The Charlotte News

Monday, January 19, 1948


Site Ed. Note: The front page reports that Secretary of Defense James Forrestal told the House Armed Services Committee that a major war would find domestic petroleum production short by two million barrels per day to meet its needs. He recommended development of submerged coastal and Alaskan oil areas.

Bernard Baruch testified to the Senate Foreign Relations Committee in favor of the Marshall Plan and an anti-inflation measure to go along with it. He recommended that the latter package include a rollback of farm prices, an agreement with labor to defer further wage increases, and avoidance of tax cuts for two years as well as return to the excess profits tax existing during the war.

Senator Ralph Flanders of Vermont and Congressman Jacob Javits of New York introduced a bill to allow meat rationing by the Administration to alleviate the meat shortage.

Republicans considered a billion-dollar reduction in their proposed 5.6 billion dollar tax cut plan, that they might attract Democratic support to enable overruling of a Presidential veto.

The Supreme Court, in Lee v. Mississippi, 332 US 742, a decision delivered by Justice Frank Murphy, unanimously reversed a conviction of a man sentenced at age 17 in Jackson, Miss., to eighteen years in prison for assault with intent to commit rape. The Court found that the defendant's confession had been improperly coerced by "duress, fear, threats and physical violence", in violation of the Fifth Amendment privilege against self-incrimination and the right of due process, as extended to the states via the Fourteenth Amendment. As a matter of form, the Court remanded the case so that the State court could express its opinion on the voluntariness of the confession as the State court had resolved the matter on its erroneous finding that the defendant was precluded even from raising the voluntariness of the confession as an issue because he had denied making the confession. The Court found the latter fact to be irrelevant because the jury necessarily found that he had so confessed.

In another case, Von Moltke v. Gillies, 332 US 708, the Court decided 6 to 3 to reverse the lower court denial of a petition for writ of habeas corpus and ordered an evidentiary hearing below to determine facts anent whether the petitioner, in fact, as she claimed, entered her plea of guilty to a violation of the Espionage Act after allegedly being apprised by an FBI agent that she was equally guilty for associating with persons involved in an espionage conspiracy. The Government agreed that if the factual contention was true, the woman, who had no attorney when she entered the plea, was entitled to reversal on the basis of a coerced plea, not entered with a knowing and voluntary waiver of her rights to counsel and the panoply of due process rights attendant a trial, pursuant to the Sixth and Fifth Amendments, respectively.
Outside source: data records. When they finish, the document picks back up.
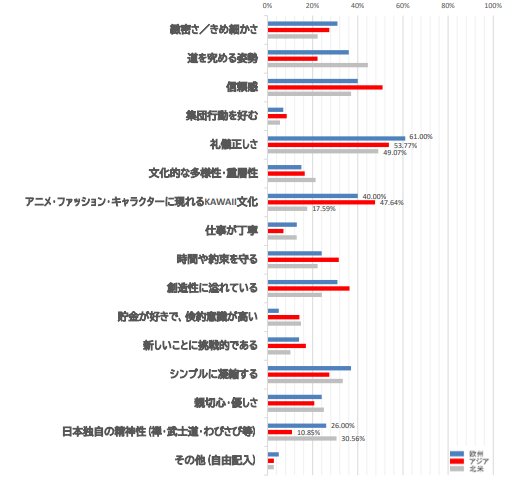 「日本の際立つ魅力」調査結果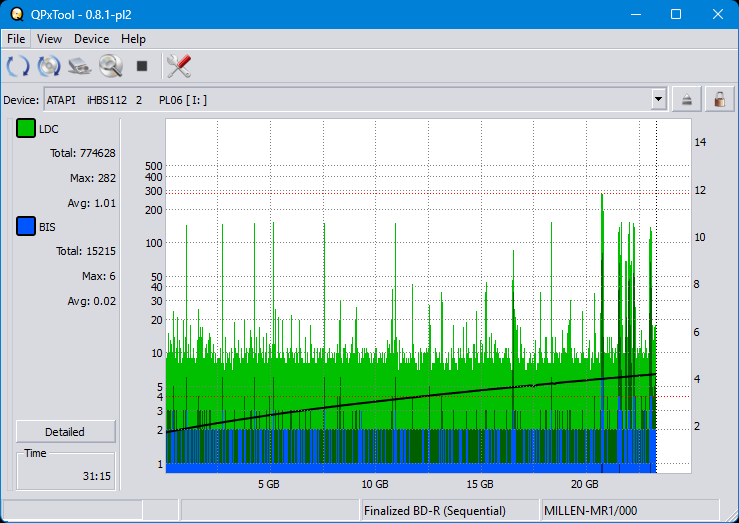 Pioneer BDR-S12J-BK / BDR-S12J-X  / BDR-212 Ultra HD Blu-ray-dq_qpxtool_2x_opcoff_ihbs112-gen2.png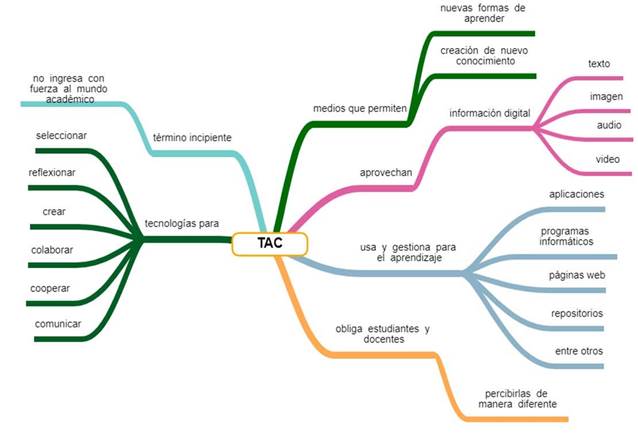 Definici�n de las TAC.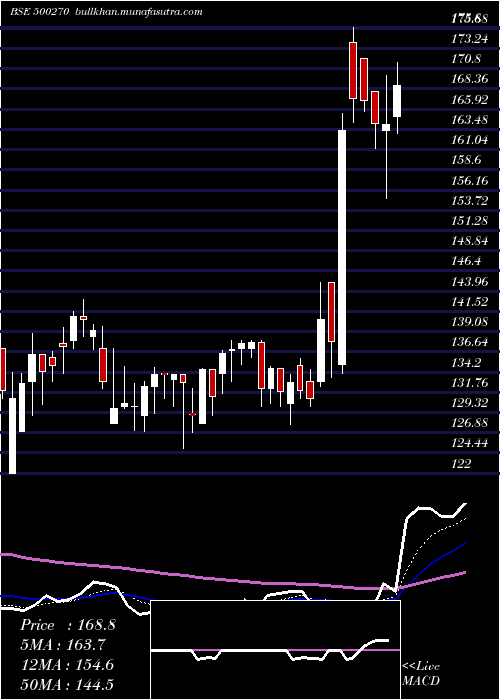 Daily chart BarodaRayon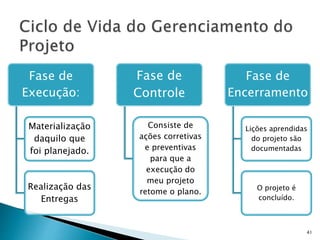 41
Fase de
Execução:
Materialização
daquilo que
foi planejado.
Realização das
Entregas
Fase de
Controle
Consiste de
ações corretivas
e preventivas
para que a
execução do
meu projeto
retome o plano.
Fase de
Encerramento
Lições aprendidas
do projeto são
documentadas
O projeto é
concluído.
 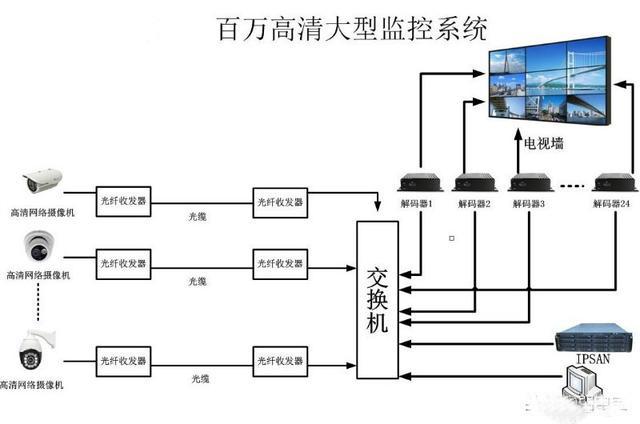 常见的监控系统接线图知识汇总,监控安装入门宝典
A concurrence of two members of the Court, Justices Felix Frankfurter and Robert Jackson, found that the appropriate remedy was to remand to the District Court for a hearing to determine this factual issue, the gravamen of the case as they viewed it. The Court thus found that if the evidentiary hearing determined that the petitioner had been so informed by the FBI agent, she should be released from further service of the four-year sentence to which she was consigned pursuant to the plea.

The dissent of Justice Harold Burton, joined by Chief Justice Fred Vinson and Justice Stanley Reed, opined that the Government was correct in asserting that the petitioner had not produced sufficient evidence to justify her contention that the FBI agent made the alleged statements and thus the petition should be denied.

It should be noted that, potentially, even if the factual contention would be sustained and the plea of guilty thus nullified, the woman still might have to face the music a second time, as the Fifth Amendment bar against double jeopardy does not apply in a case reversed on appeal, whether by guilty plea or finding of guilt after a trial. It is then within prosecutorial discretion to seek another or renewed prosecution against the accused, based on the factual circumstances attendant the case.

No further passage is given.